By default, the ExecuteSparkJob processor is configured to run in local or yarn-client mode. When a Hadoop cluster is available, it is recommended that the properties be updated to make full use of the cluster.

Solution

Your files and jars should be made available to Spark for distributing across the cluster. Additional configuration may be required for Spark to run in yarn-cluster mode.
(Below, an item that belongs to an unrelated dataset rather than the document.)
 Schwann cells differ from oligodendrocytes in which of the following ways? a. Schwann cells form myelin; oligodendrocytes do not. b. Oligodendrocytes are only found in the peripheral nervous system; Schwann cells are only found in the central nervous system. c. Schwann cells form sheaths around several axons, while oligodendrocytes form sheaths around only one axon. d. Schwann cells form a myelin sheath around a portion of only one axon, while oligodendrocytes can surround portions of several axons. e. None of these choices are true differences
  1. Add the DataNucleus jars to the “Extra Jars” parameter:

    1. /usr/hdp/current/spark-client/lib/datanucleus-api-jdo-x.x.x.jar
    2. /usr/hdp/current/spark-client/lib/datanucleus-core-x.x.x.jar
    3. /usr/hdp/current/spark-client/lib/datanucleus-rdbms-x.x.x.jar
  2. Add the hive-site.xml file to the “Extra Files” parameter:

    1. For Cloudera, this file is at /etc/hive/conf.cloudera.hive/hive-site.xml.
    2. For Hortonworks, this file is at /usr/hdp/current/spark-client/conf/hive-site.xml.
  3. The “Validate and Split Records” and “Profile Data” processors from standard-ingest require access to the json policy file. Add “${table_field_policy_json_file}” to the “Extra Files” properties to make this file available.

    image1

  4. The “Execute Script” processor from the data-transformation reusable template requires access to the Scala script.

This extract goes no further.